When I tweeted about the case I didn’t name the judge, although I always knew his name – I didn’t wish on anyone the kind of opprobrium I thought he would (and in the end did) get, and felt naming would detract from the systemic failures shown by the case:
People on twitter got quite irritated that I did not identify the judge, though his name was easy to find. Lawyers portrayed him as a bad apple, and he was roundly condemned by one and all. I too know that there are lovely, humane judges. Family judge HHJ Stephen Wildblood seems one such – this week he told of being once driven to tears after deciding that some children should be removed from the care of their mother. He described the plight of litigants in person as “tough”. But it’s not just a question of good and bad apples. The system is itself broken. We need to reform the way the judiciary works. No other public servant could behave as they did in the Myers case, without being subject to a swift discipline process or at least the behaviour being discussed and a development plan agreed. “A quiet word” is not good enough.
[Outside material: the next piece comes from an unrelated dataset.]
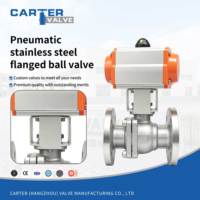 Válvula de bola neumática de acero inoxidable CF8 CF8M con bridas, de dos piezas, de paso completo, con sello blando de PTFE, para agua, aceite y gas, sin fugas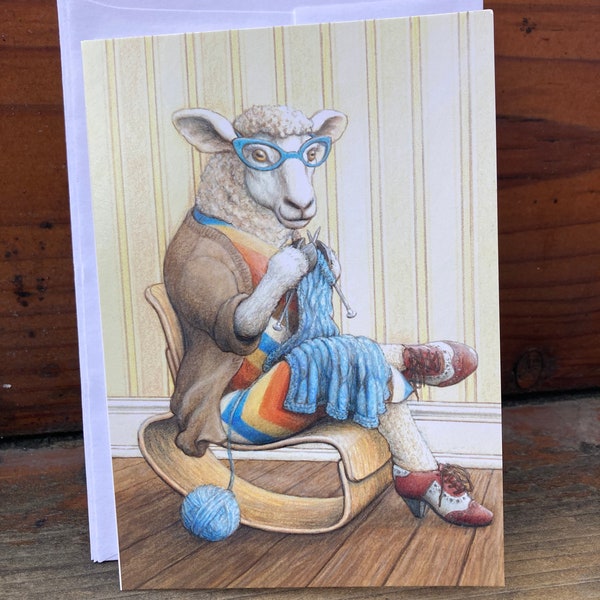 Knitting Sheep Notecards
We need modern processes and procedures to ensure that judges are not rude to witnesses, lawyers, defendants, litigants or court staff.
PS Dinah Rose QC gave a great talk on the need for judicial reform to the public law project conference on 16th October. I hope it is published, but this twitter thread reflects some points
PPS Thanks to Elliot Gold for tweeting about another appeal case where judicial behaviour was criticised: “At times, the Judge might have been perceived to be intent on giving [the appellant] a stern lecture on the do’s and don’ts of cross-examination. Her repeated references in the course of the proceedings to a potential sanction in costs if the state or conduct of the Appellant’s case occasioned delay was oppressive and, in my view, inappropriate and intimidating”. However this case absolutely proves my point that there’s no redress since, despite the appalling behaviour of the original judge, the appeal was lost. The case is also interesting for the awkwardness Mr Justice Hildyard, who heard the appeal, clearly felt in criticising a fellow judge – the excuses he gives for her are legion.